Reputation: 2460
I have a string representing a HTML snippet like this:
const bookString = "<h1>Chapter 1: The Beginning</h1>
<p>It was a dark and stormy night...</p>
<p>Tom ran up the stairs...</p>
<p>A shot rang out!</p>
<h1>Chapter 2: A Day at the Zoo</h1>
<p>The door swung open...</p>"
You get the idea, it's a book where I only expect to see h1, p, em/strong/i/b tags. (This comes from the library Mammoth which takes a Word document and gives me a HTML string.) I want to write some JS that splits it up based on chapter, like so:
const chapters = [
{
title: "The Beginning",
content:
"<p>It was a dark and stormy night...</p>
<p>Tom ran up the stairs...</p>
<p>A shot rang out!</p>"
]
}
];
Then I can pass that to an ebook-generating library.
Should I use a HTML parsing library like Cheerio to do this? I can't quite figure out selections, like "for each h1
, save a title, then for each p
following that h1
, push to array..." Or should I use regexes, despite the common advice to never use regexes on HTML?
Upvotes: 1
Views: 890
Reputation: 42736
If you want to use Cheerio, you can use the nextUntil()
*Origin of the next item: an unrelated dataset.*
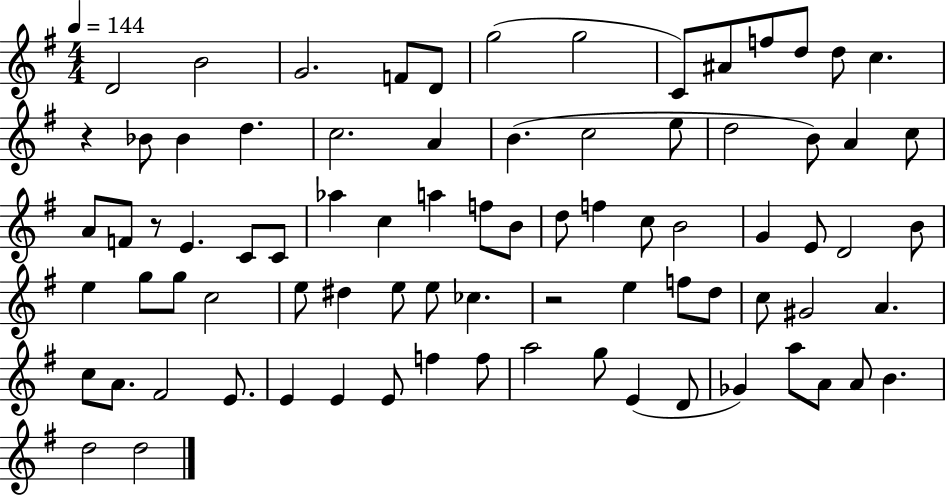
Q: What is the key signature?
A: G major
method to get all elements up to one identified by a passed selector
//get all elements until the next h1 is encountered
$('h1').nextUntil('h1')
Using that you can then just map()
over the h1 collection getting each set of contents and finally create your object
const chapters = $('h1').map((index,h1)=>{
let content = $(h1).nextUntil('h1').map((index,p)=>$.html(p)).get().join('');
return {
title:$(h1).html(),
content:content
};
}).get();
Upvotes: 3
Reputation: 130105
One way would be to use a series of split
s to sort the string and break it into parts, and then do some cleanup and build a new Array by mapping the initial "broken" string and internally split again to get the (clean) title & content
var bookString = `<h1>Chapter 1: The Beginning</h1>
<p>It was a dark and stormy night...</p>
<p>Tom ran up the stairs...</p>
<p>A shot rang out!</p>
<h1>Chapter 2: A Day at the Zoo</h1>
<p>The door swung open...</p>`;
var chapters = bookString.split('<h1>').filter(n => n).map(text => {
var cut = text.replace(/\n/g, '').split(': ')[1].split('</h1>');
return {
title : cut[0],
content : cut[1]
}
});
console.log(chapters);
Upvotes: 3